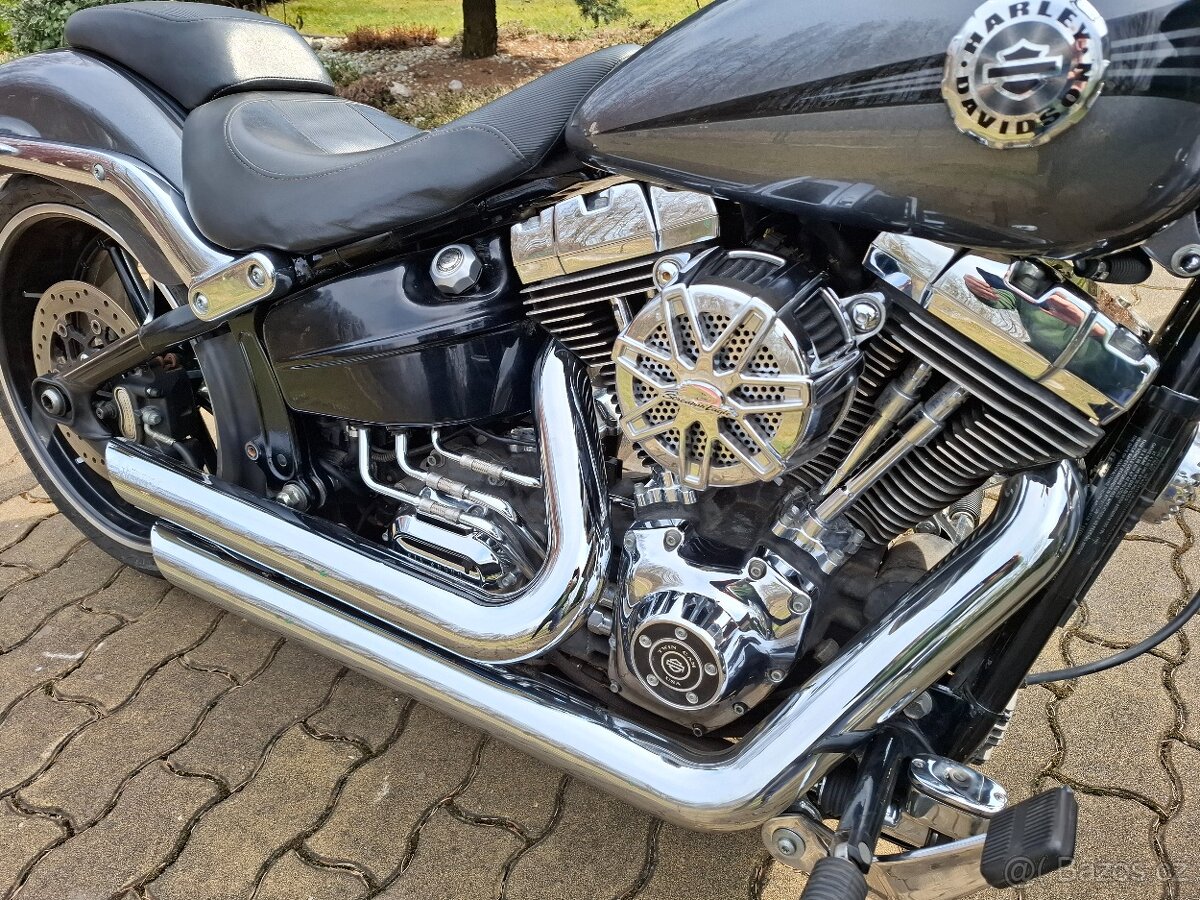 Harley Davidson Breakout 103 - 6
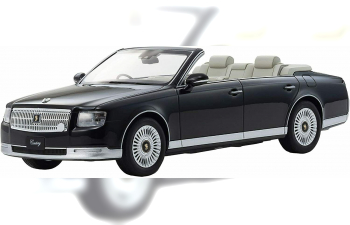 TOYOTA Century Convertible черный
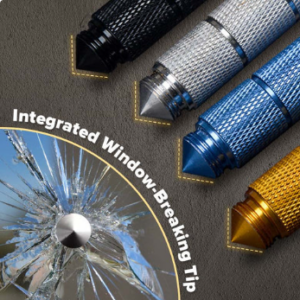 Detachable Portable Pocket Knife with Keychain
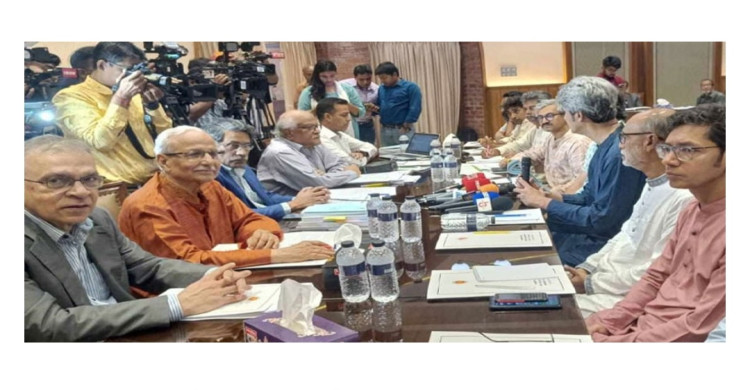 ঐক্যের চেতনাকে ধারণ করে অগ্রসর হতে হবে: আলী রীয়াজ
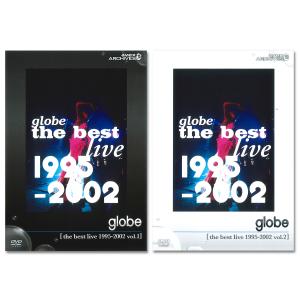 新品 globe the best live ...の詳細画像2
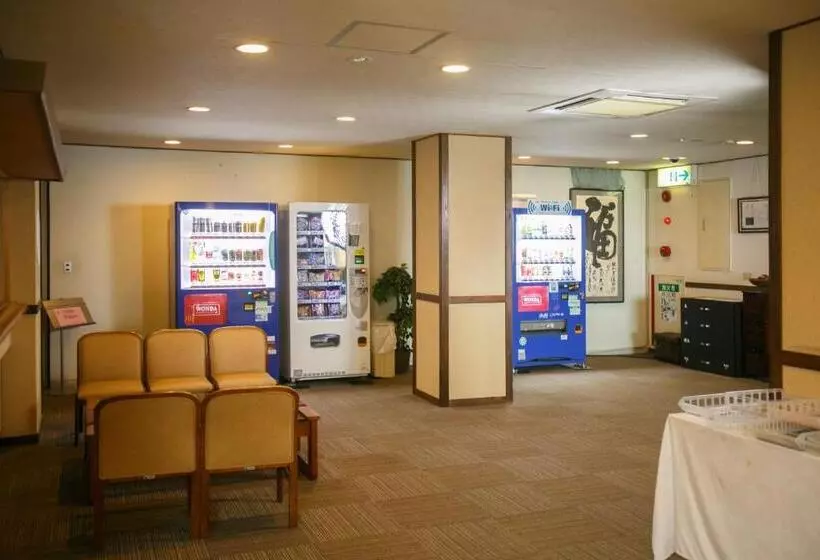 Ijika Daiichi Hotel Kagura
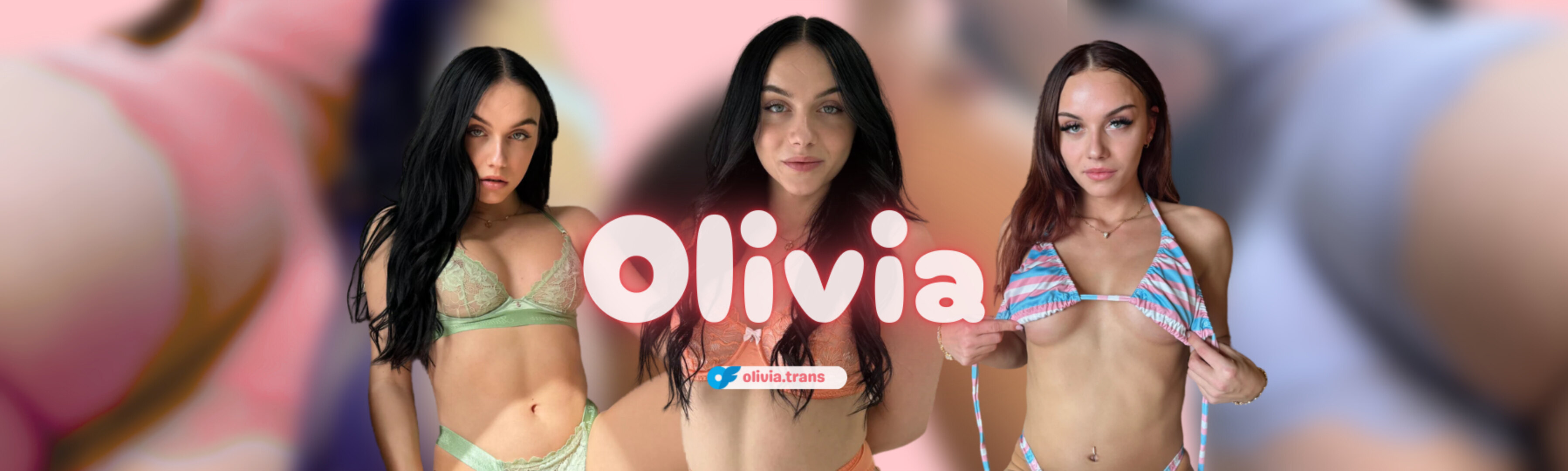 Olivia 🏳️‍⚧️ OnlyFans header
--------
PROBLEM TO WORK ON:
Could you repeat the listing above exactly, omitting its pictures?

OUTPUT OF THE TASK:
 Harley Davidson Breakout 103 - 6
 TOYOTA Century Convertible черный
 Detachable Portable Pocket Knife with Keychain
 ঐক্যের চেতনাকে ধারণ করে অগ্রসর হতে হবে: আলী রীয়াজ
 新品 globe the best live ...の詳細画像2
 Ijika Daiichi Hotel Kagura
 Olivia 🏳️‍⚧️ OnlyFans header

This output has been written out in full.